Genoveva Miranda Campuzano: "Aquí encontré mi casa"
Genoveva Miranda Campuzano: "Aquí encontré mi casa"
Redacción EC

Lizzy Cantú

Tenía 23 años y solía salir a caminar con sus hijos durante el día. No trabajaba porque no tenía con quién dejarlos. Caminaba con ellos cerro abajo para alejarse de su casa, del maltrato, del hambre. A veces llegaba hasta el malecón de Chorrillos y contemplaba la muerte. Hasta que, caminando, un día de 1985 llegó al pampón en Alameda Sur. Iba empujada por la desesperación, como otras mamás que también encontraron en el comedor un refugio. «Llegué pensando que la vida de un pobre era así», dice Genoveva Miranda con elocuencia y urgencia mientras al fondo suenan las ollas del comedor que chocan unas con otras. Aquel día, Edith Bringas le abrió la puerta y le preguntó su nombre antes de dejarla pasar. «¿Quién le dice a una persona que no conoce ‘esta es tu casa’?», pregunta hoy Genoveva Miranda. 
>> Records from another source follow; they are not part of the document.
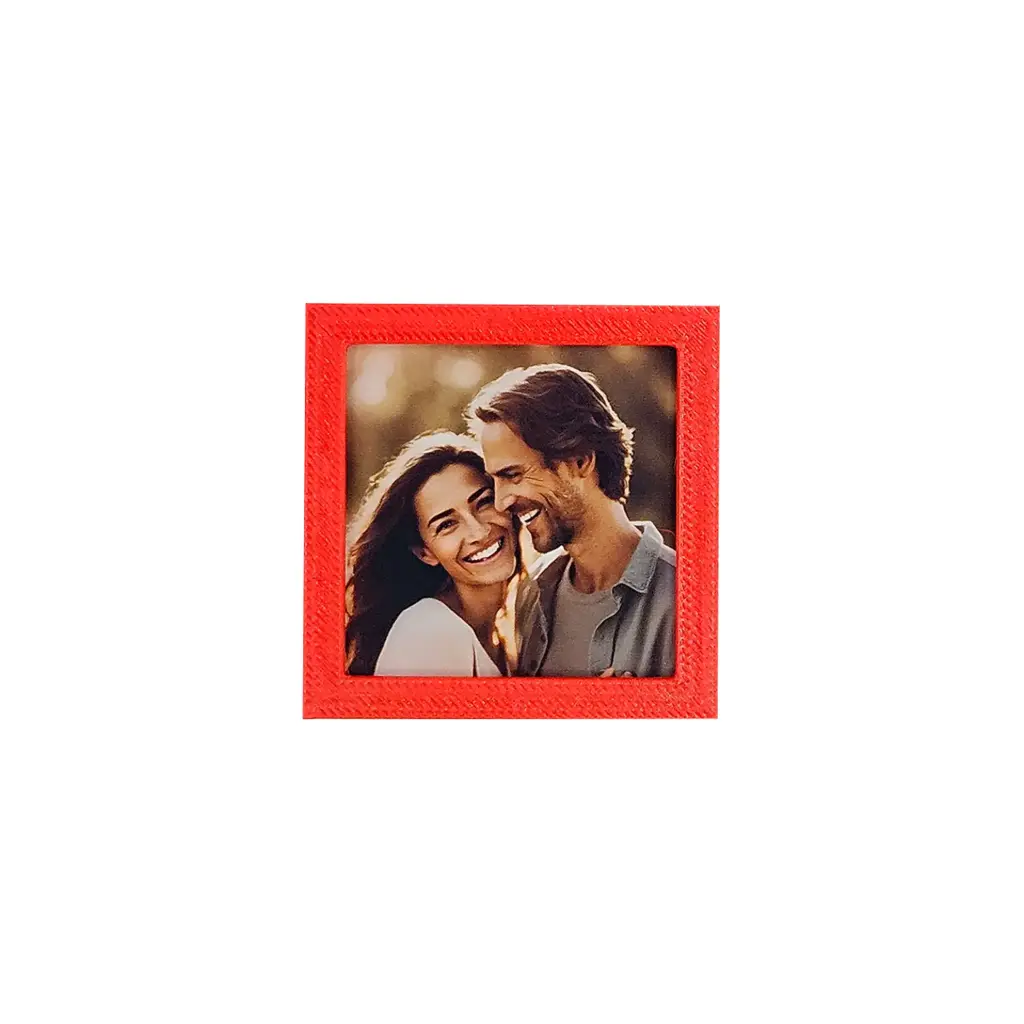 Magnetischer Fotorahmen 5x5 cm (für Foto 4,4 x 4,4 cm) (Super rood)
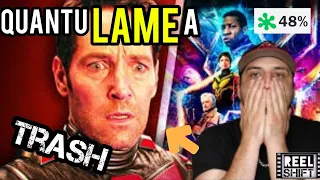 ANTMAN QUANTUMANIA (2023) IS TERRIBLE (PHASE 5 BEGINS WITH FAILURE) | REEL SHIFT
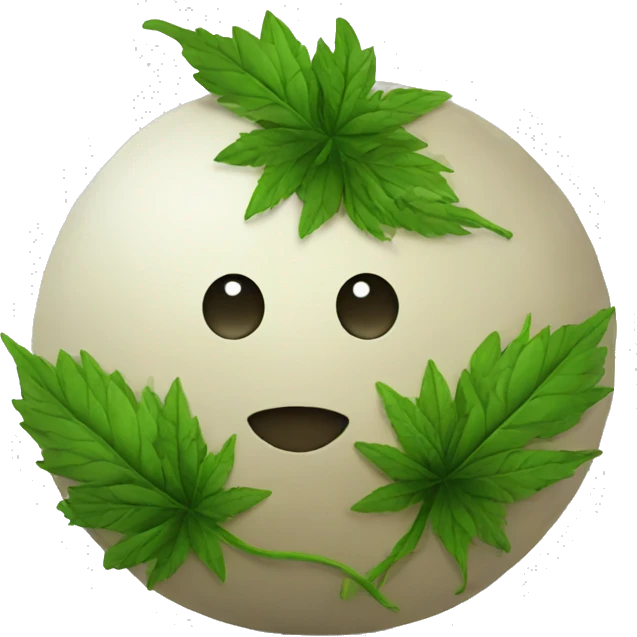 weed ball emoji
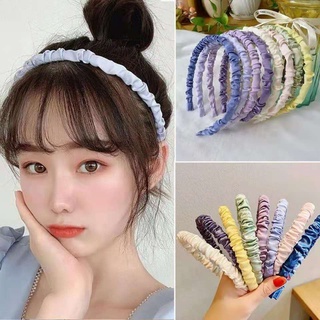 🌈พร้อมส่ง🌈  ที่คาดศีรษะผ้าซาตินแฟชั่นสําหรับผู้หญิง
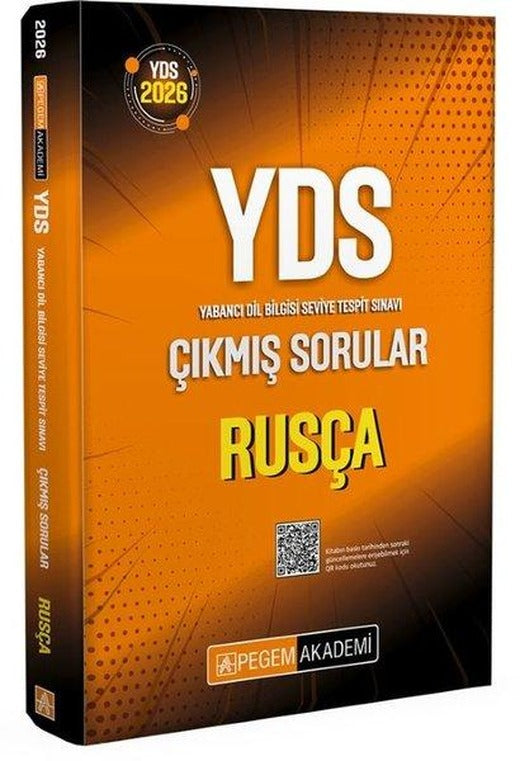 2026 YDS Rusça Çıkmış Sorular | Pegem Akademi Yayıncılık (İnce Kapak)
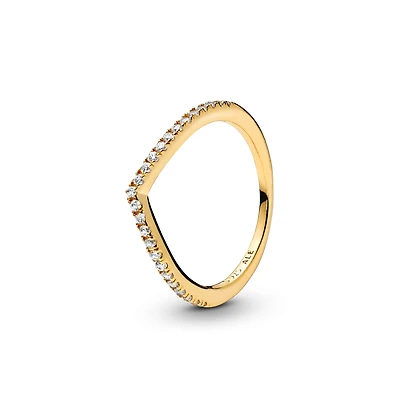 Pandora Cubic Zirconia Timeless Sparkling Wishbone Ring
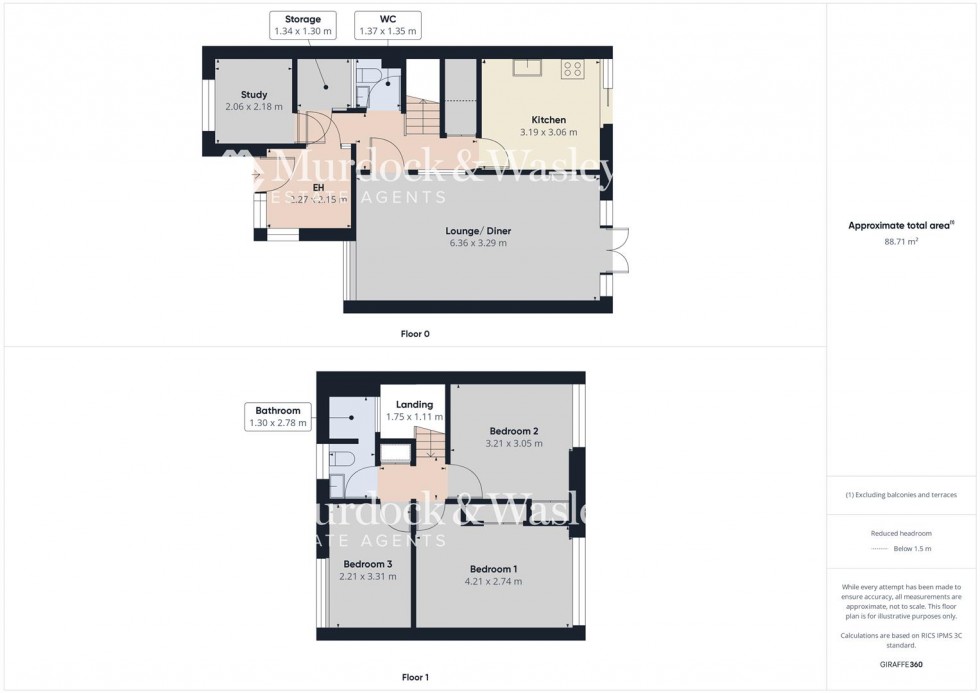 Floorplan for Grove Road, Churchdown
Al entrar, Genoveva se convirtió en voluntaria. A las mamás que llevaban a sus hijos a comer se les pedía que ayudaran en la preparación de los alimentos. «Hemos atendido hasta 700 niños en tres turnos», recuerda hoy con orgullo en medio de las mesas vacías. Aún no es la hora del almuerzo, y la mujer se ha apartado de los fogones –una moderna cocina industrial donada por un benefactor anónimo– para contar algo de lo que sabe de Esperanza y Caridad. Recuerda cuando solo existía el comedor con techo de calamina. Recuerda que las mujeres cocinaban con los niños en la espalda. Recuerda que en este sitio no solo encontró desayuno para sus hijos: «Yo acá tengo mamá, hermanas. A ellas yo podía venir y llorar y decirles ‘hoy día me siento mal’». Por aquellas épocas, apunta Genoveva, tuvieron que ampliar las actividades y hacer una cuna porque cocinaban llevando a los niños en la espalda. «¿Te imaginas si se le caía un niño a la olla?», pregunta Rochi Gazzo. Y una cosa llevó a la otra: los chicos de la cuna empezaron a crecer y pronto hubo necesidad de ofrecerles algo más que comida. Hoy, el hijo mayor de Genoveva, Carlos de Jesús tiene 26 años y otra de sus hijas es contadora. Todos han estudiado aquí en algún momento. El menor cursa el sexto grado y destaca en dibujo. Un futuro muy distinto al que contemplaban antes de llegar aquí. Algunas veces siente nostalgia por la primera época del comedor, cuando hacían excursiones de Navidad con helados y regalos. «Pero yo comprendo. Uno tiene que evolucionar. Lo entiendo y estoy contenta. Estoy bien»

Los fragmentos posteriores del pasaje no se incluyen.